**Brief**
Your answer must be the full listing, reproduced exactly, minus any pictures.

**Given information**
======

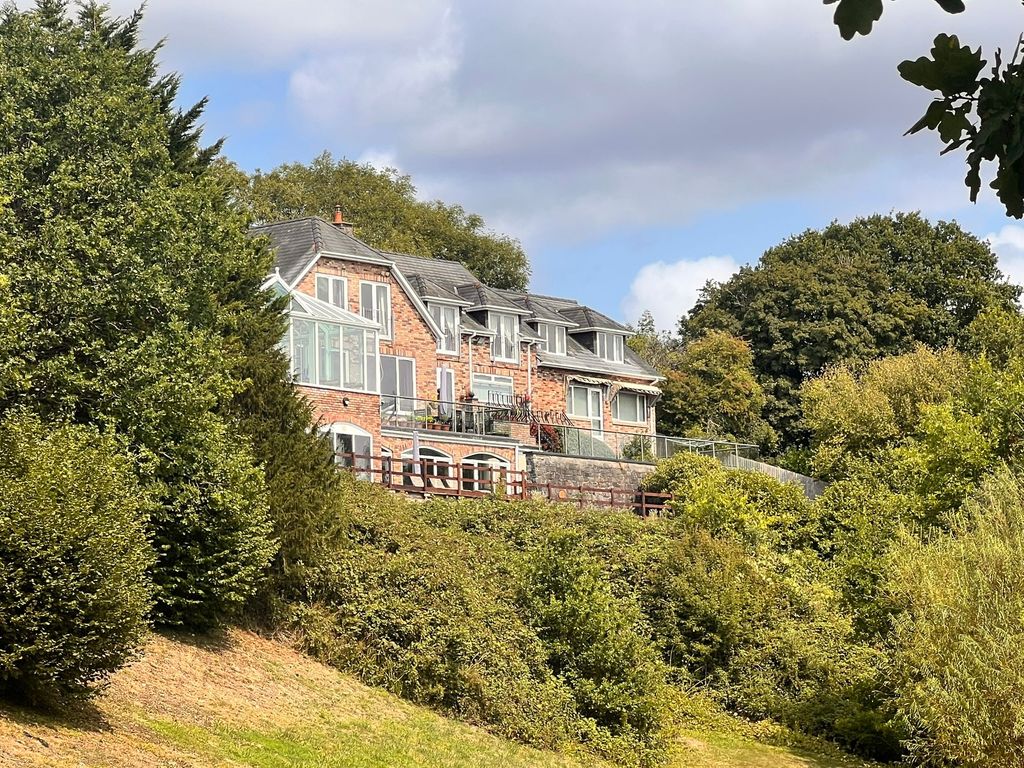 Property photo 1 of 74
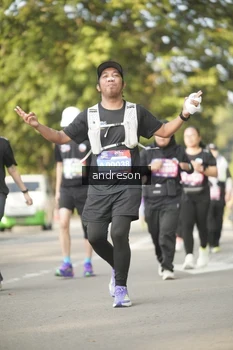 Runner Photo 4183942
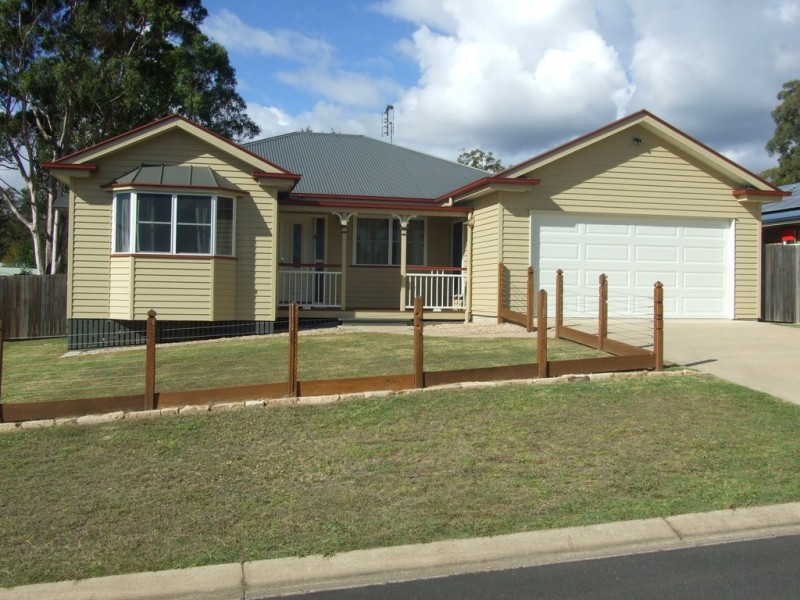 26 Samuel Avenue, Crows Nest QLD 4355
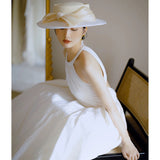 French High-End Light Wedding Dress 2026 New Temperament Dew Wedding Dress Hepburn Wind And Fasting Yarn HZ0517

======

**Finished task**
 Property photo 1 of 74
 Runner Photo 4183942
 26 Samuel Avenue, Crows Nest QLD 4355
 French High-End Light Wedding Dress 2026 New Temperament Dew Wedding Dress Hepburn Wind And Fasting Yarn HZ0517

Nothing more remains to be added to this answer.